Talvez seja porque nos primórdios da minha existência na blogsfera, eu atualizava meus trequinhos todos os dias. Talvez seja porque eu achava que precisava escrever com frequência, porque faria com que eu me sentisse melhor a respeito de qualquer coisa que estivesse acontecendo na minha vida. Mas things change. Friends leave. And life doesn't stop for anybody.

O que realmente acontece é que eu não sinto mais aquela necessidade de escrever posts enormes desabafando sobre os problemas do cotidiano. Gosto de compor uma musiquinha na minha cabeça, de fazer várias reflexões pesadíssimas quando estou indo dormir, de falar mal de gente otária no twitter... Mas não acho nada disso necessário. Faço porque quero, quando quero e onde quero. Não encaro como um compromisso, e nós nos damos bem.

Podemos concluir que meu primeiro erro foi achar que precisava criar um blog por necessidade. Gente, necessidade é o que nós fazemos no banheiro. Pra mim, escrever é um hobbie.
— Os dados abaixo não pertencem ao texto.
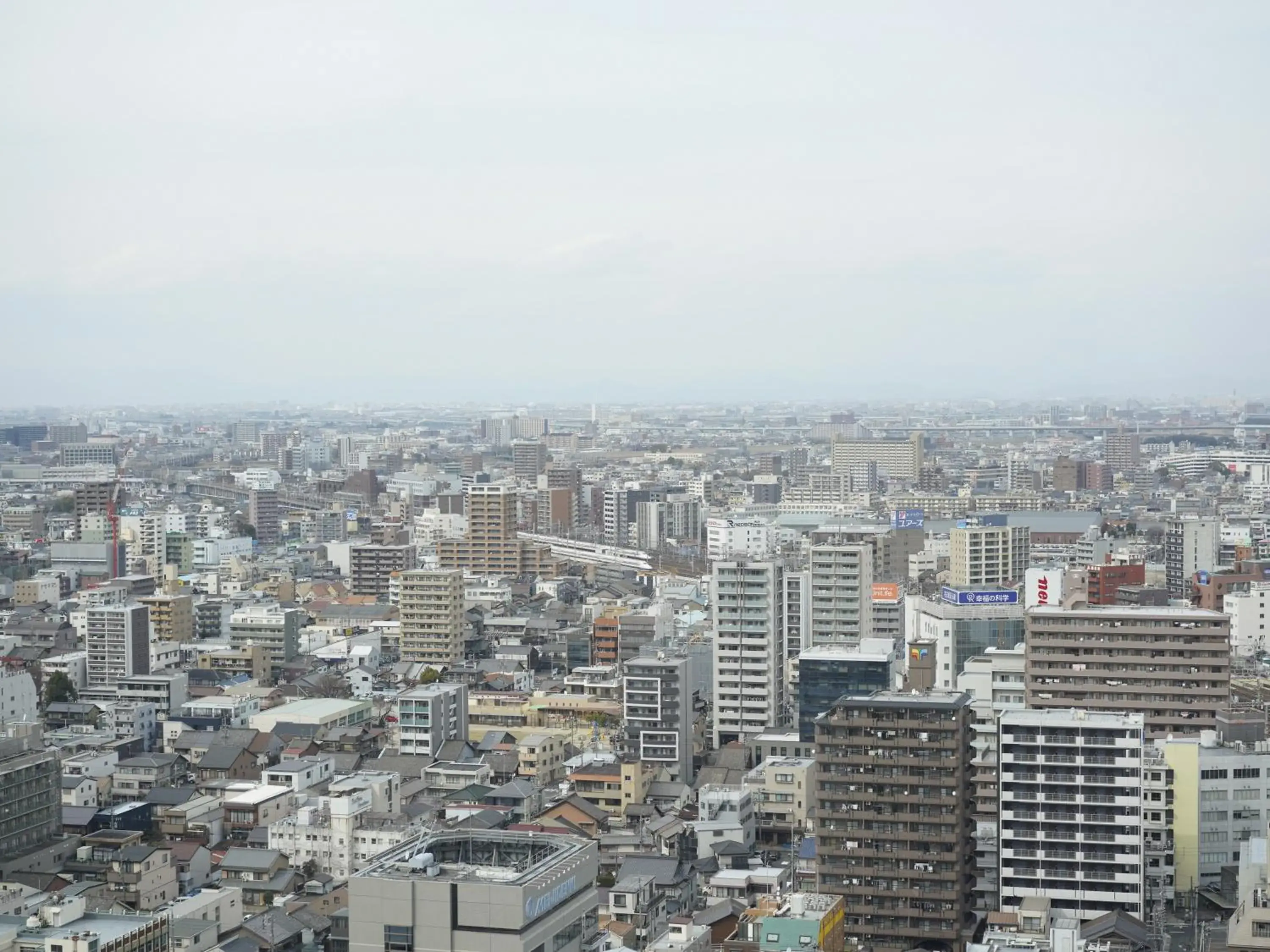 City view in Meitetsu Inn Nagoyaeki Shinkansenguchi City view in Meitetsu Inn Nagoyaeki Shinkansenguchi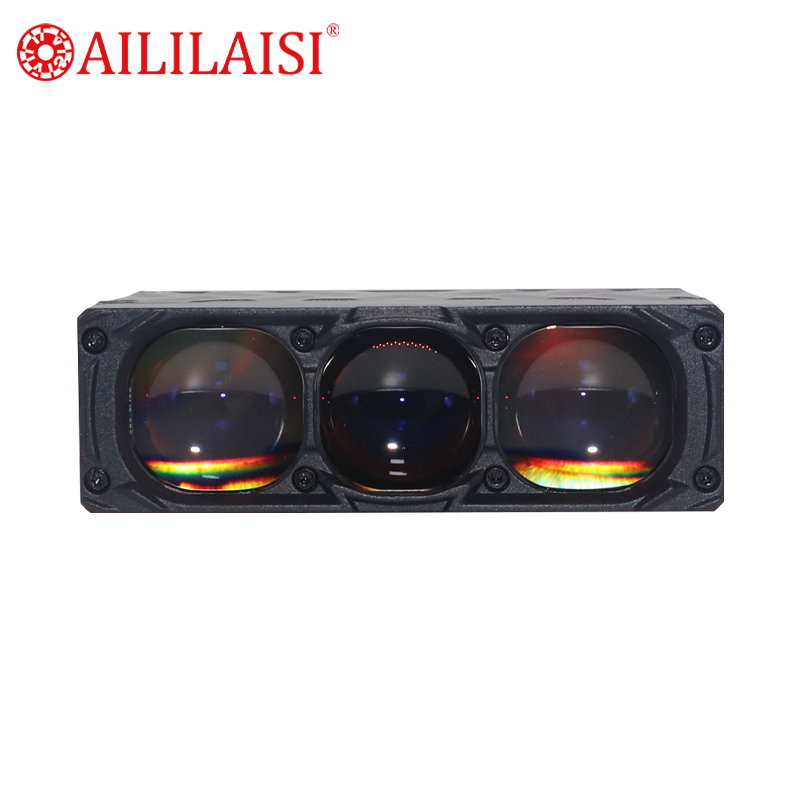 Super 3Mini LED System Light Bulb Bar for Cars Motorcycles Two Color 110W White 6500 New Bright Spotlights Grille Light Driving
Acho que eu não sou tão escritora quanto acreditava ser há uns oito anos.

Entretanto, não sou trouxa de acreditar que admitir tudo isso me deixará mais "solta" para atualizar o Entrelinhas com frequência. Não vai mudar. A diferença é que eu não vou mais aparecer pedindo desculpas por ter dado chá de sumiço, quando não há nenhuma cláusula me obrigando a ser uma escritora assídua que cumpre prazos. Esses prazos não existem aqui. Eu vou, volto, sumo, reapareço, e faço isso no meu ritmo.

Quem quiser reclamar, não pode reclamar. Meu blog, minhas regras.
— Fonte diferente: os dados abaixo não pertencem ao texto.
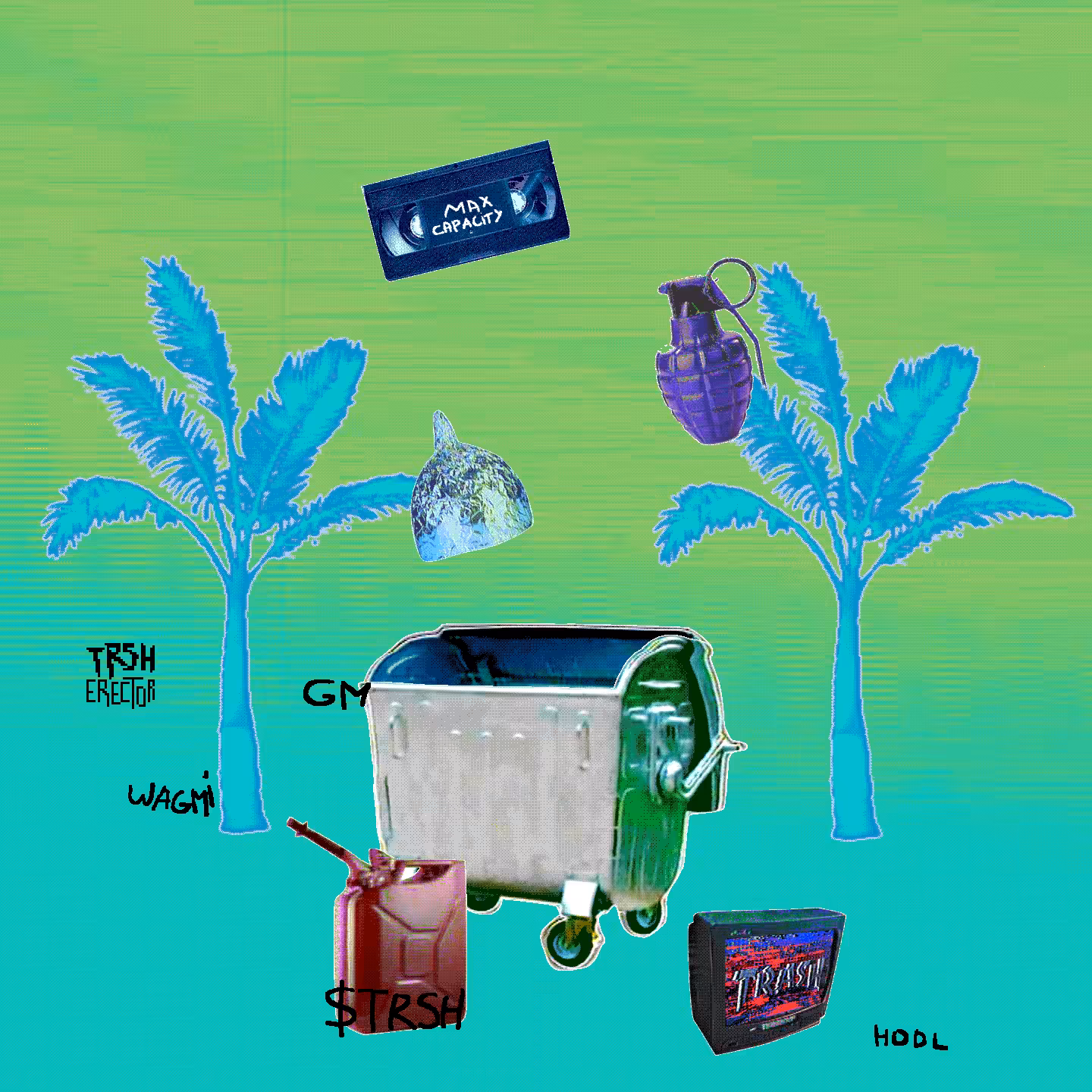 TRASH Erector V 1.0  #119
Acho que essa minha mania de encarar a escrita como uma obrigação já me trouxe muita coisa ruim. São dezenas de histórias, contos e fanfics parados por falta de vontade. Se eu não tivesse passado os últimos anos me iludindo de que é necessário escrever, muitos projetos já teriam sido concluídos (no tempo estipulado por mim e controlado por Deus).
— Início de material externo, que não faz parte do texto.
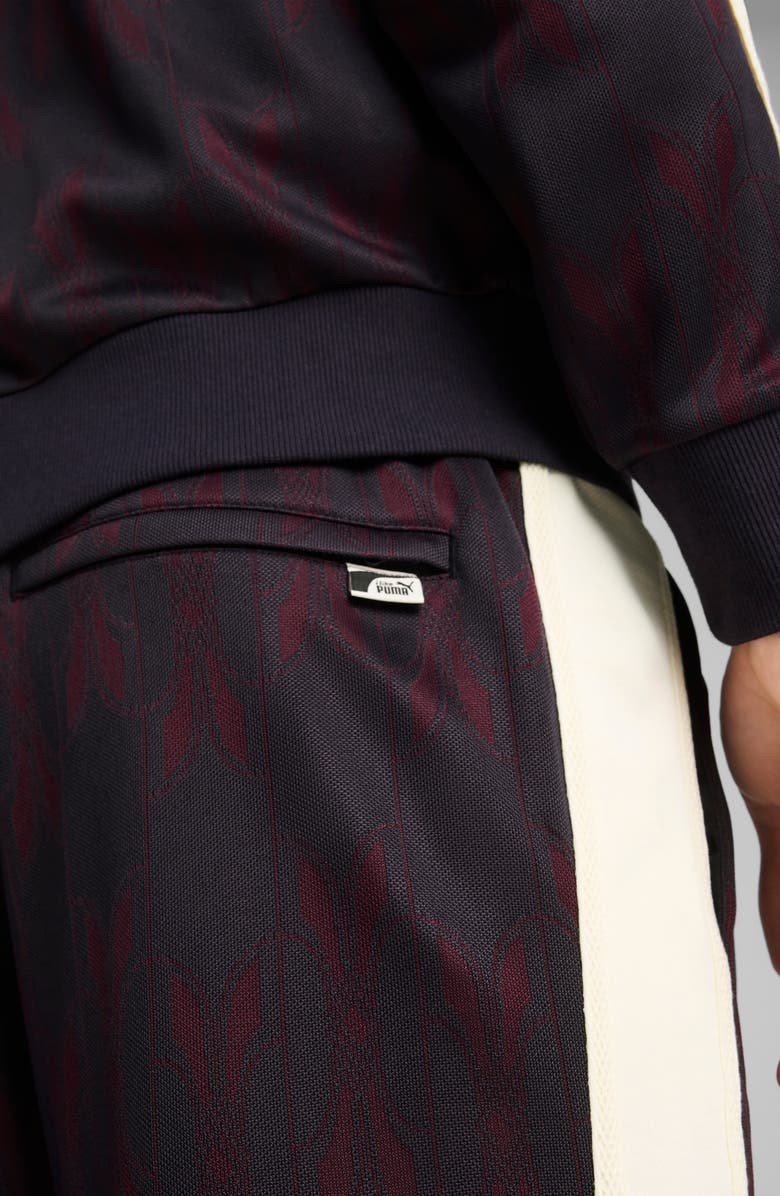 PUMA The Never Worn V T7 Track Pants, Alternate, color, New Navy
(Abrindo um parênteses aqui pra voltar ao tema dos vícios de linguagem. Sei que parece que eu sou tri religiosa por causa das várias referências cristãs ao longo das minhas falas, mas é só mais uma das minhas várias manias. Não tenho religião nenhuma.)

De agora em diante, nada de transformar hobbie em coisa séria. Hobbie é hobbie, coisa séria é coisa séria. Misturar os dois não vai funcionar aqui.

É só isso, mesmo. Espero acabar o post especial do qual falei no último até dezembro, mas acho difícil. Se não rolar, vocês me veem na Retrospectiva 2015 (dois meses, gente. Passou que nem um sopro). See ya.